PROVIDED MATERIAL:
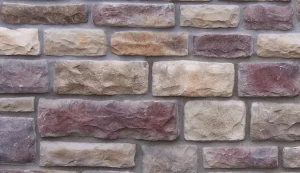 A close-up of a brick wall with various shades of beige and purple stones arranged in a pattern.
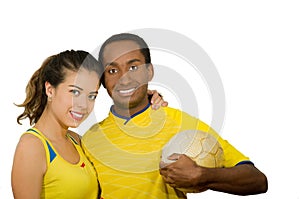 Charming interracial couple wearing yellow football shirts, hugging friendly while posing for camera holding ball, white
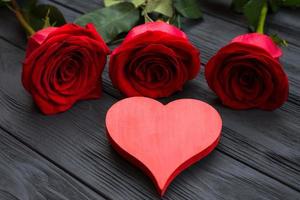 cuore rosso e rose rosse su fondo di legno scuro foto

TASK INSTRUCTIONS:
Would you give the material back exactly, minus the pictures?

OUTPUT FOR THIS TASK:
 A close-up of a brick wall with various shades of beige and purple stones arranged in a pattern.
 Charming interracial couple wearing yellow football shirts, hugging friendly while posing for camera holding ball, white
 cuore rosso e rose rosse su fondo di legno scuro foto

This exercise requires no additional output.